From making fire to playing music, telling stories, designing buildings, posing for Instagram pictures, and, most importantly, lying to parents, creativity has always been at the heart of human activity and progress. 

Creativity is typically noticed in individuals who tend to be more inventive and original in their endeavours — for instance, in a certain gentleman named Albert Einstein and his theories on space and the universe, or, more notably, in STEM professors finding new ways to achieve mournfully low class averages every year. For graduating purposes, that is a joke. 

But what does it mean to be creative? Can anyone be creative? What does creativity look like in the brain?

What is creativity?

While the notion of creativity can be subjective and there are a lot of factors that affect creativity, scientists have come to define it as having the ability to imagine and implement original ideas that, above all, have value or utility. 

In an article in the Creativity Research Journal, a leading creativity researcher, Mark Runco, notes that this is the case because “original things must be effective to be creative,” since a random process could yield something that is entirely original and yet totally meaningless and useless.

This does not necessarily mean that creativity always entails life-changing, revolutionary contributions to scientific or social advancement. In fact, researchers have come to distinguish two types of creativity: ‘little-c’ creativity — everyday creativity and problem solving, which is the subject of most studies concerning the creative process — and ‘big-C’ creativity — “major productions of scientific, technological, social, or artistic importance.” 

Investigating ‘big-C’ creativity tends to be more difficult as the research cannot take place in small-scale laboratory studies. The relevant research is quite extensive and requires the examination of biographical or autobiographical, historical, and developmental accounts of particularly influential instances and individuals.

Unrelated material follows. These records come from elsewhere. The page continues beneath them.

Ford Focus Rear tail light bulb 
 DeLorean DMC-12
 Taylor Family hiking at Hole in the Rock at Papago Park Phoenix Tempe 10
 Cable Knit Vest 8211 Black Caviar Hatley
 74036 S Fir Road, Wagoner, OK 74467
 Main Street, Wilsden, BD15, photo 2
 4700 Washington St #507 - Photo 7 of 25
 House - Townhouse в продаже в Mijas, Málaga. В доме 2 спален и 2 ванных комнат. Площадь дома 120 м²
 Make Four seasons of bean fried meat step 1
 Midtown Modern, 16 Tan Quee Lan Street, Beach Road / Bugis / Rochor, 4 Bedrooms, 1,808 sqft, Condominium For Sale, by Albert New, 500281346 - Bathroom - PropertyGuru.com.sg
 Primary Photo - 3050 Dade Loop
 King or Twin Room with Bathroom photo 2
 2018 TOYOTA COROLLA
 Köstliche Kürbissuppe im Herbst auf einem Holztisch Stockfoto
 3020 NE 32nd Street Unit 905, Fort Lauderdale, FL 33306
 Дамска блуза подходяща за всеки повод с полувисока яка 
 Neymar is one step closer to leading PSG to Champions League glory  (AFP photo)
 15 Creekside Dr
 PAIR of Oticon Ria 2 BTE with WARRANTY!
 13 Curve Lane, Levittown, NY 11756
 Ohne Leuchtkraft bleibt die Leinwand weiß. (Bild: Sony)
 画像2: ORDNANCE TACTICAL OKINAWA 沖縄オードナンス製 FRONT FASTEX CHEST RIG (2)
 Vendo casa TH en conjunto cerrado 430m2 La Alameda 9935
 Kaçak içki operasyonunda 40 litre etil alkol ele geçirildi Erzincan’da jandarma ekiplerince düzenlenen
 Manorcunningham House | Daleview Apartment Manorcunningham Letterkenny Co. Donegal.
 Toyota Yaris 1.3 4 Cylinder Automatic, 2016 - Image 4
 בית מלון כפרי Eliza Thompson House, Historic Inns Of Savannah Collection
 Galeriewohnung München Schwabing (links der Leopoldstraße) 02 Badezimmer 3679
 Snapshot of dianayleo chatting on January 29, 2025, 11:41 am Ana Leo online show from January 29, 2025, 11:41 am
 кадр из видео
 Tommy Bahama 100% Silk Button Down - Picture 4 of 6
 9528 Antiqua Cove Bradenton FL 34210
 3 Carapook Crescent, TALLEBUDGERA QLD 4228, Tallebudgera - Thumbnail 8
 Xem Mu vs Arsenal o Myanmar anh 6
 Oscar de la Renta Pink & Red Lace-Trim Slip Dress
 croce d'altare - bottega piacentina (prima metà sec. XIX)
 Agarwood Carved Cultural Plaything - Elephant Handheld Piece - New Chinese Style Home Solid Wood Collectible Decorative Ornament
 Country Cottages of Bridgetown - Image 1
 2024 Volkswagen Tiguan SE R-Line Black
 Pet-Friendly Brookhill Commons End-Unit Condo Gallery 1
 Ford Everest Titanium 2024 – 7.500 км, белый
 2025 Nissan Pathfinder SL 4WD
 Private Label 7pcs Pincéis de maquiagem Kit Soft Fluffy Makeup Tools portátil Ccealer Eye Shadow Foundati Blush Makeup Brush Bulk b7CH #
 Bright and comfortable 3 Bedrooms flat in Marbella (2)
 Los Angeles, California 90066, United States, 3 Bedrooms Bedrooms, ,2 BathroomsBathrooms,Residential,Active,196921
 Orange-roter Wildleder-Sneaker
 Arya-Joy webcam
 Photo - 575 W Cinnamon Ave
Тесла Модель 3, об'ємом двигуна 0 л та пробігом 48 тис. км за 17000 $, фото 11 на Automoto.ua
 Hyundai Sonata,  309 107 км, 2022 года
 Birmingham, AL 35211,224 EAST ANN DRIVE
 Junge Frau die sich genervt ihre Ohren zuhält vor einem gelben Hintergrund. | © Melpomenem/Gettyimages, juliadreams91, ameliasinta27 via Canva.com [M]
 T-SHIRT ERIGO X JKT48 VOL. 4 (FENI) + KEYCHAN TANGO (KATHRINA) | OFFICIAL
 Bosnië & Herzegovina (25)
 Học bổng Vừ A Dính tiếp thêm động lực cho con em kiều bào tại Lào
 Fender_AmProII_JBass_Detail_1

In the ‘little-c’ sense, though, everyone can be creative by gathering different leftovers to cook a quick new meal, or by coming up with jokes, or by writing humbug for a class essay — so long as such solutions “are novel to the solver and so not already known from direct experience.” 

Studies investigating this type of creativity may involve asking participants to think outside the box and ‘diverge’ from common uses of an object, or to reimagine familiar structures and shapes into new, interesting ones. The goal of researchers with experiments like these is to find out how the brain operates during bursts of creativity, and whether some individuals can be more creative than others. 

Creativity and connectivity

Being creative often means making connections, like thinking that because both pineapple and pizza are great on their own, they could be great together as well. And that would be great squared — it’s simple math. The world has never seen a connection so divisive. 

It is fitting that creativity presents itself through making connections that are not otherwise obvious, given that recent studies suggest the creative process involves connecting different networks in the brain that typically don’t collaborate. 

A 2016 study observed interactions between two large-scale systems in the brain that typically have an ‘antagonistic’ relationship — where one deactivates when the other is active — during creative thinking. 

These systems are the default network, the regions of the brain that activate during spontaneous thinking and imagination, and the executive control network, the regions of the brain that activate during focus and careful analytical thinking. Researcher Roger Beaty states that this interaction essentially brings about the ability to spontaneously generate ideas and then assess them to determine whether they’ll actually work. 

Furthermore, Beaty and his colleagues went on to research how some individuals can be more creative than others. The results of their 2018 study suggest that the more creative individuals are “better able to co-activate brain networks that usually work separately.”

The researchers assessed the same networks involved in creative thinking through the ‘alternate uses task’ — a test that asks participants to consider new and unusual uses for familiar objects, measuring their general creative thinking ability. They concluded that “Overall, people with stronger connections came up with better ideas.”

Future research is needed to determine whether these network connections could be strengthened through particular activities, and if so, whether such modifications boost creative thinking ability. If there’s one thing to take away from this article, it’s that you should sit down and seriously consider creating your own TikTok trend — be the pioneer of a dance that will take the app by storm for about two weeks and fade away into obscurity like nothing ever happened. This is what creativity is about, I think. Thought for thought.